Besides being one of the most elegant, versatile and rich-tasting nuts you can put on your plate, they offer many impressive health benefits. In fact, the 2005 Dietary Guidelines from the U.S. Department of Agriculture recommend eating 4 to 5 servings of nuts each week.
The Mayo Clinic conducted a study which found that all nuts are nutrient dense and naturally cholesterol free. Not only are nuts cholesterol free but, studies have suggested that eating pecans may help reduce LDL cholesterol levels, leading to a reduction in the risk of heart attacks and coronary artery disease. The serving size for nuts is about one ounce, which equals about 15 pecan halves. Pecans are a great staple for vegetarians, because one serving of pecans can take the place of the protein found in an ounce of meat.
Pecans are also a rich source of oleic acid, the same type of fatty acid found in olive oil. Researchers from Northwestern University in Chicago recently found in laboratory tests that oleic acid has the ability to suppress the activity of a gene in cells thought to trigger breast cancer.
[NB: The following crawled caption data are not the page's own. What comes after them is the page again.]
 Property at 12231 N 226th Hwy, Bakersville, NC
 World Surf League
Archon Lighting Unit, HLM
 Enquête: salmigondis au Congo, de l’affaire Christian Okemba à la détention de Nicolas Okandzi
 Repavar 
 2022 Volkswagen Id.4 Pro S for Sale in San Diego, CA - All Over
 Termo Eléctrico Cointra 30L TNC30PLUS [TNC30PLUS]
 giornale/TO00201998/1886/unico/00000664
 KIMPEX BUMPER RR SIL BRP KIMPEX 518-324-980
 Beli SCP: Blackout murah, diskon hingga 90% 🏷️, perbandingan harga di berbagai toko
While this area of study is still in its early stages, the researchers say it could eventually translate into a recommendation to eat more foods rich in oleic acid, like pecans and olive oil.
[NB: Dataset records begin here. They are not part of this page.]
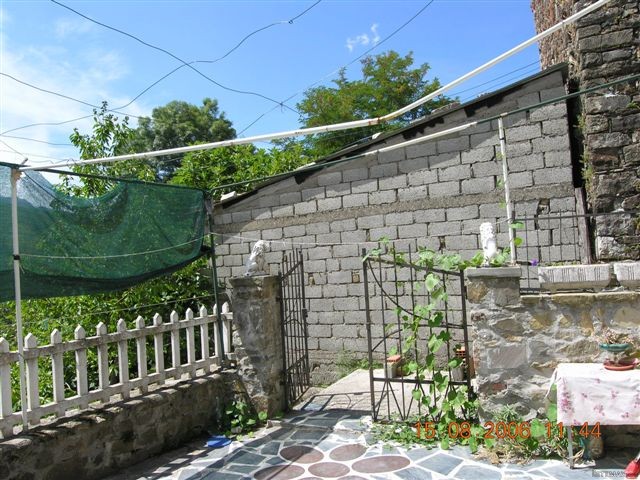 Village/town House - For Sale -.. - 2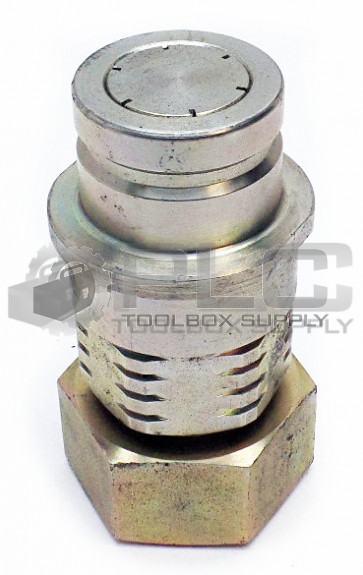 NEW PARKER SNAP-TITE A427-11 FITTING A42711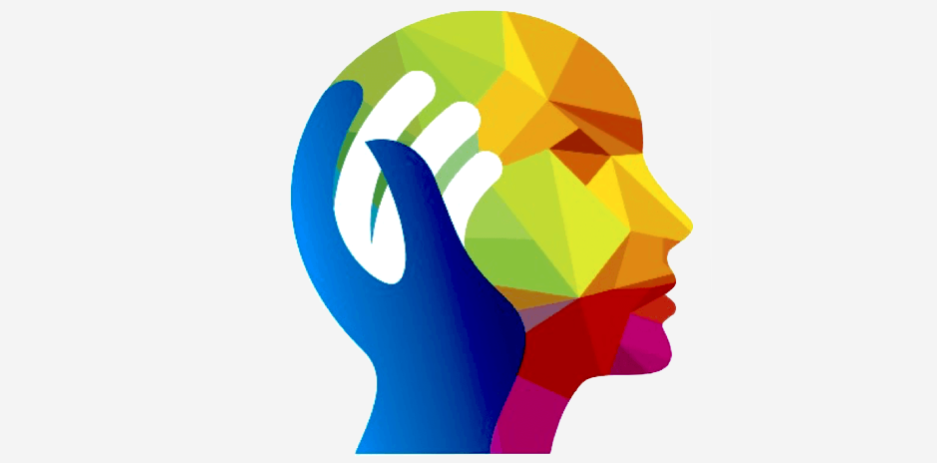 MENTAL HEALTH ISSUES TAKE CENTRE STAGE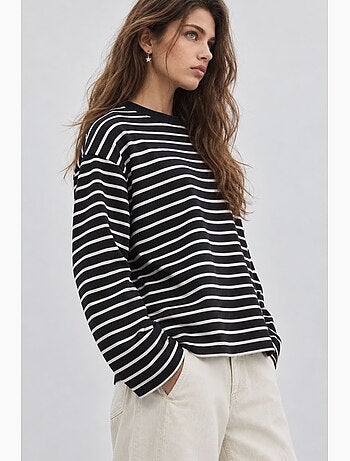 Sweatshirt feminina istanbul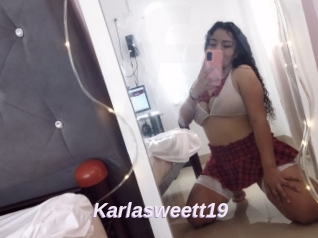 Karlasweett19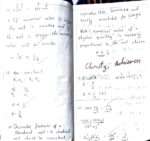 Units and Dimensions - Image 5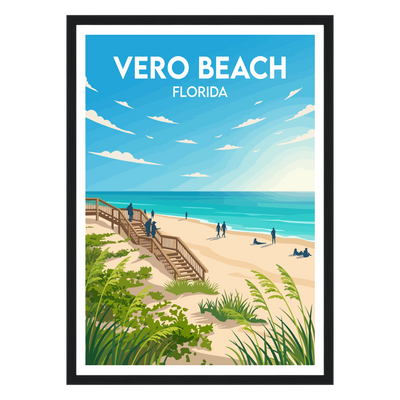 Vero Beach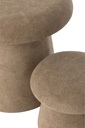 55806-3.webp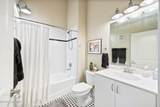 709 4th Street - Photo 50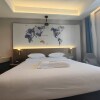 Отель Kyriad Marvelous Hotel (Xinyu Jiuding Kongmujiang Store), фото 11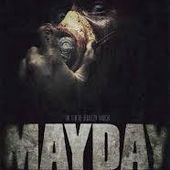 Critique du court métrage MAYDAY de Sébastien Vanicek (France) - Le blog du cinema d' Olivier H
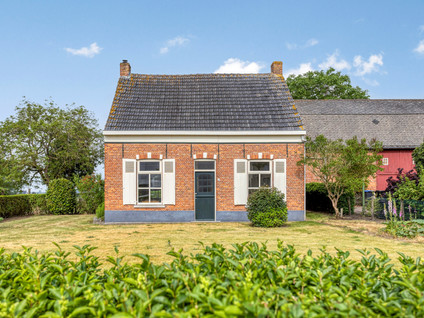 's-Gravenstraat 40
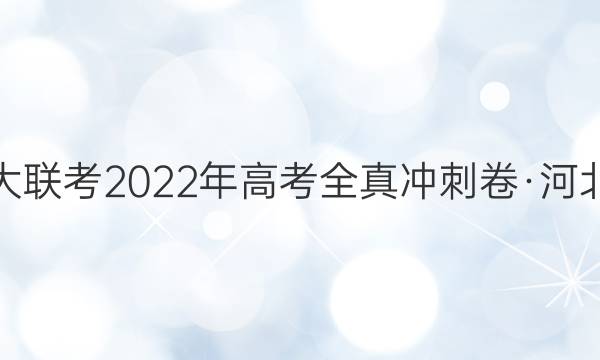 һ2022߿ȫ̾ӱר()6ͼƬ
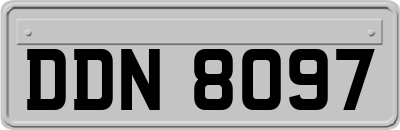 DDN8097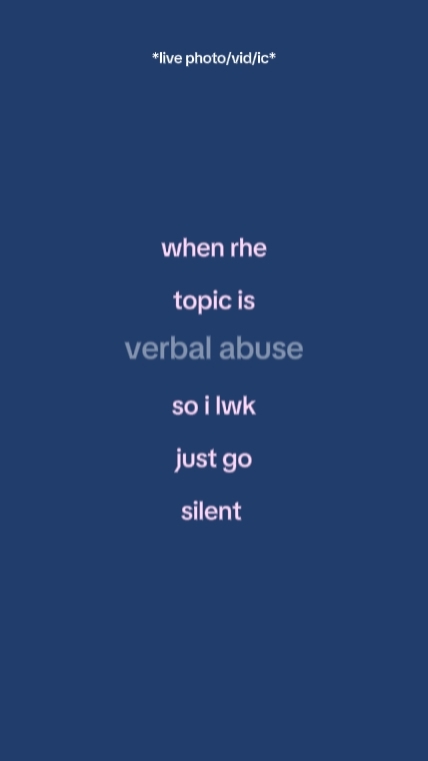 whenrhetopicisverbal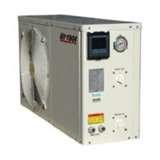 Heat Pump 6kw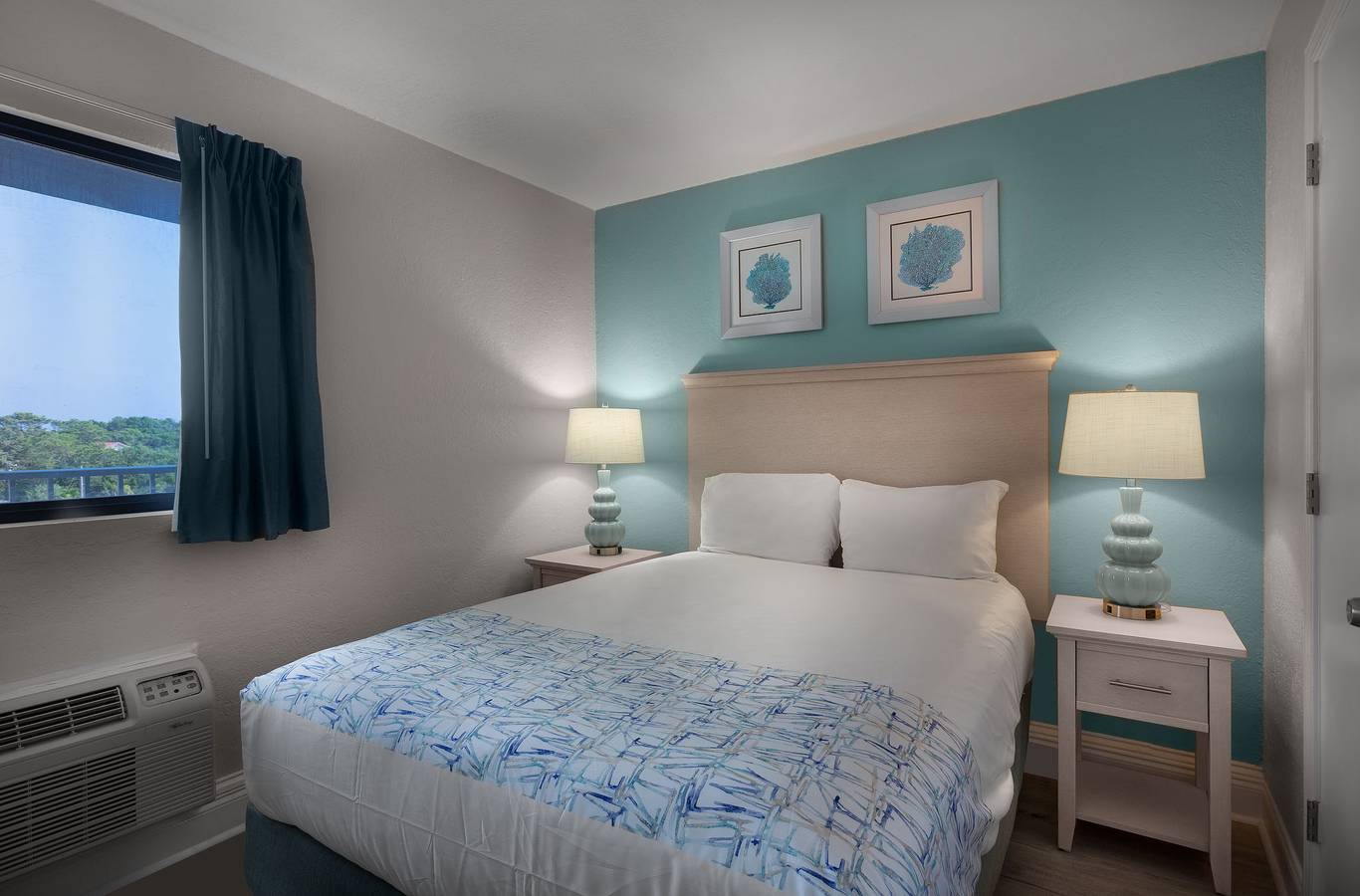 Apartamento entero, Maritime Beach Club in Ocean Drive Beach, North Myrtle Beach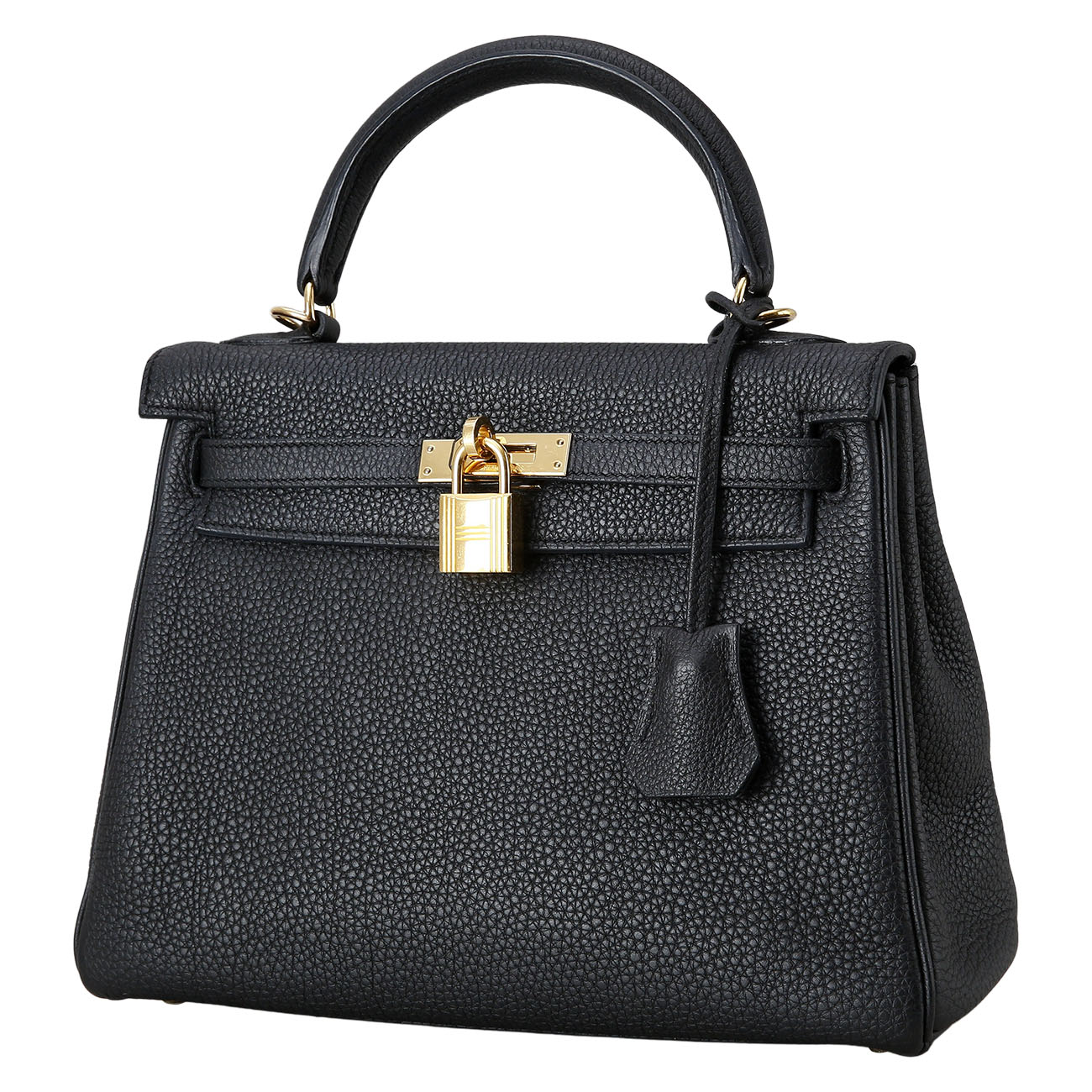 HERMES(USED)에르메스 켈리25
Researchers from Loma Linda University in California and New Mexico State University in Las Cruces, New Mexico, have confirmed that when pecans are part of the daily diet, levels of bad cholesterol in the blood drop. Pecans get their cholesterol-lowering ability from both the type of fat they contain and the presence of beta-sitosterol, a natural cholesterol-lowering compound. Eating 1-2 ounces of pecans a day, when its part of a heart-healthy diet, can reduce the risk of heart disease. Moreover, a study published in the June 2004 issue of the Journal of Agricultural and Food Chemistry found that pecans, hazelnuts, and walnuts contained the highest antioxidant levels of all nuts tested.
The same natural compound that gives pecans its cholesterol-lowering power, has also been shown to be effective in treating the symptoms of benign prostatic hyperplasia (BPH), a non-cancerous enlargement of the prostate gland in men. About two ounces of pecans provides a dose of beta-sitosterol found to be effective. In addition, a recent laboratory study from Purdue University found that gamma-tocopherol, the type of vitamin E found in pecans, has the ability to kill prostate cancer cells while leaving healthy cells alone. Last but not least, despite the widely held belief that nuts are fattening, several population studies have found that as nut consumption increased, body fat actually decreased.